Starbucks Corporation: Reduced Man-Hours a Red Flag for SBUX Stock

Advertisement

If it seems like it’s taking a little longer than usual to get that cup of java at your favorite coffee house, you might not just be imagining it. Rumor is, Starbucks Corporation (NASDAQ:SBUX) has reduced the number of man-hours used at many of its stores.

Starbucks Corporation: Reduced Man-hours a Red Flag for SBUX StockThe company denies it has taken such action, but baristas — the folks who make and serve the coffee and food Starbucks sells to patrons — all over the country are saying otherwise.

If it’s a coincidence, it’s an uncanny one.

But why would Starbucks do such a thing, if indeed it is doing it? The obvious answer is the most correct answer: Reducing payroll expenses boosts the bottom line, in turn making Starbucks stock worth more.

There’s only so much of that type of cost-cutting, however, that can be implemented before it does more damage than good.

Name Game for SBUX Stock

As was noted, Starbucks says it’s not systematically cutting the number of hours its employees are working in any given week. It does appear, however, in May the company turned to a new computerized scheduling system that predicts each store’s activity at any certain time on any certain day. Based on those models, the number of employees needed at any given time was broadly scaled back.

As spokesperson Jaime Riley explained it, “We are not trying to reduce labor. We want our stores staffed in accordance with what they each need … Reducing overspending seems like good business sense.”

And Riley’s right — reducing overspending does make sense. What constitutes ‘overspending,’, however, is often a matter of perspective, and employees have heard ugly realities spun into positive slogans before. It’s not mass layoffs, but rather, ‘rightsizing.’ It’s not the closing of a locally run division to do the same job overseas, but rather, ‘outsourcing.’

Regardless of what it’s called, more than a few baristas have chimed in on the matter with surprisingly similar observations:

  • “Although my schedules say 20 hours, since labor is being cut I can never hit the 20 hour mark. That means I don’t qualify for benefits. My husband’s 40 hours a week [at Starbucks] have turned into 29 hours a week.”
  • “Add in even less people to work with but having the same volume of customers, and I am so physically and emotionally exhausted that my job is not even fun for me anymore.”
  • “It looks bad on the company from a guests perspective to have three or four partners on the floor when the place is absolute chaos.”

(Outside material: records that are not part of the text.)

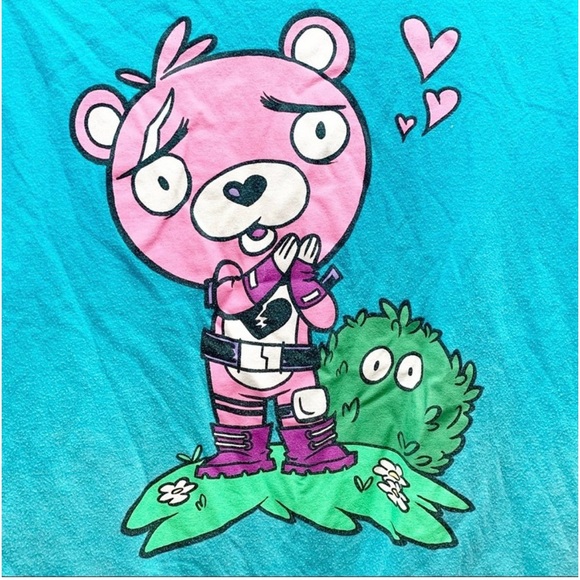 FORTNITE YUMMY SOFT GRAPHIC T- shirt BLUE SIZE L - Picture 2 of 4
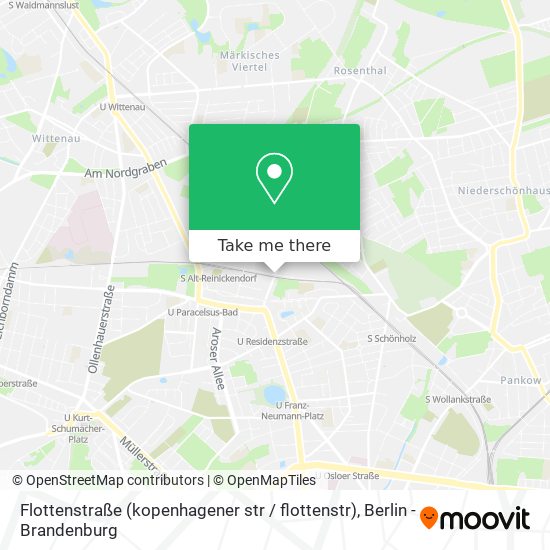 Flottenstraße (kopenhagener str / flottenstr) map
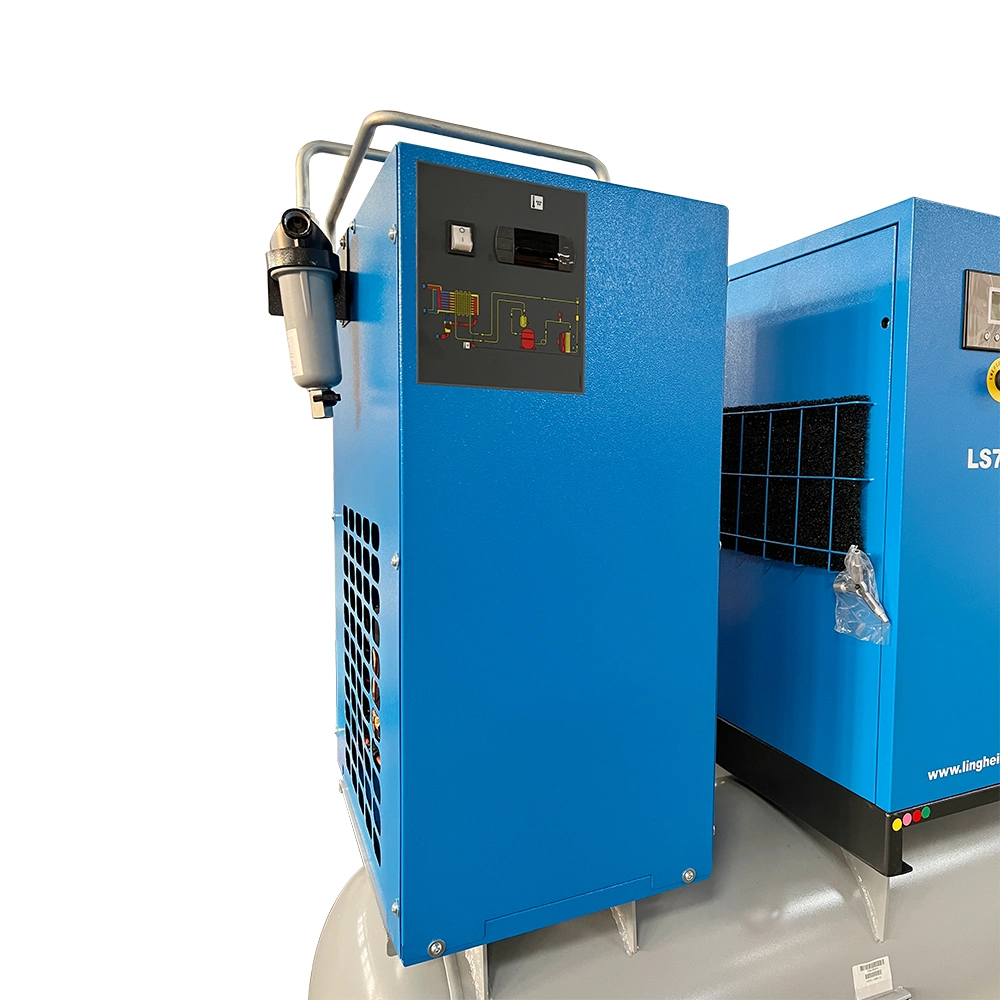 Linghein CE ISO Atlas Copco Technology Industrial AC Power with Dryer Air Tank and Filters Rotary Screw Air Compressor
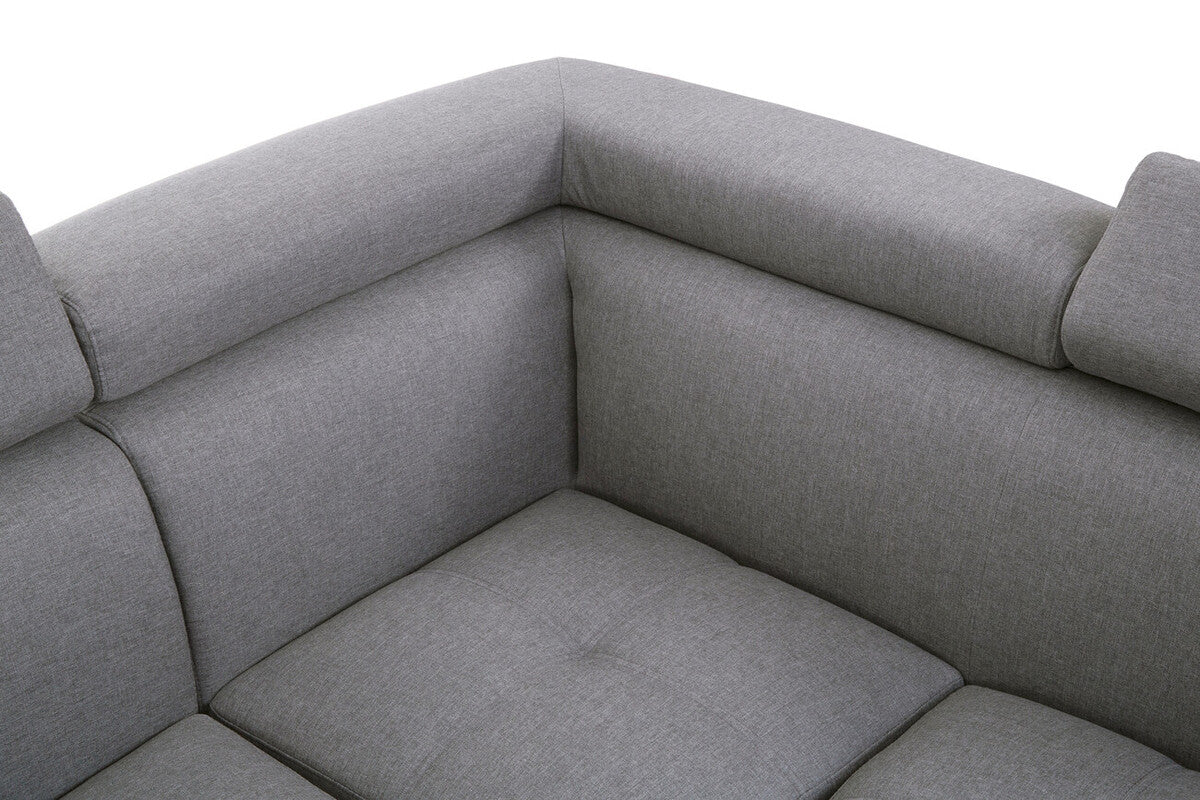 Grey Linen Corner Sofa, Hanover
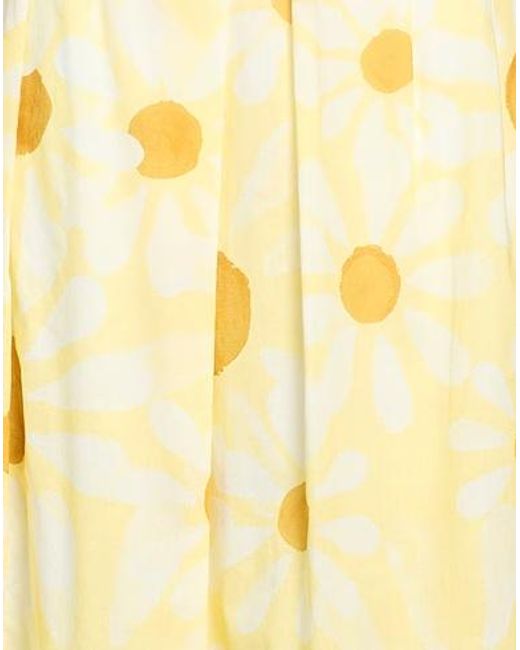 Marni Yellow Floral Printed Pleated Skirt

Some store managers are complaining just as much.

Company-wide Headwind Forced Cuts From Somewhere

Although the corporate chiefs have denied such schedule-shaving is a company-wide plan, it wouldn’t be tough to take the baristas’ collective word for it. Owners of SBUX stock have been mostly disappointed in the company’s relative performance of late, as Starbucks starts to face a real saturation headwind.

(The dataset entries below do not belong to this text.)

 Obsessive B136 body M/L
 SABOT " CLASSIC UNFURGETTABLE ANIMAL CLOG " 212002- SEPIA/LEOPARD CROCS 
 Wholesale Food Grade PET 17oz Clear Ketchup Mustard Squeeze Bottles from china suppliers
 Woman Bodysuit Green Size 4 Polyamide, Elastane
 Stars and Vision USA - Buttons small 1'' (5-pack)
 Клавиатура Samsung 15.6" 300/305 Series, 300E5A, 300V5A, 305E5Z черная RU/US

Case in point: Starbucks stock is down 10% since last October’s high, as the company failed to justify the frothy valuation SBUX stock had developed based on expectations at the time.

As of October, the trailing price-to-earnings ratio was an incredible 34.5, suggesting a massive earnings growth surge was in the making. It didn’t happen … at least not on the revenue front. Even on the earnings front, the recent growth trend has been relatively lackluster.

Starbucks (SBUX) Revenue and Earnings Growth Rates, YOY

Both are still growing, but not like they have in the past. Investors notice these things.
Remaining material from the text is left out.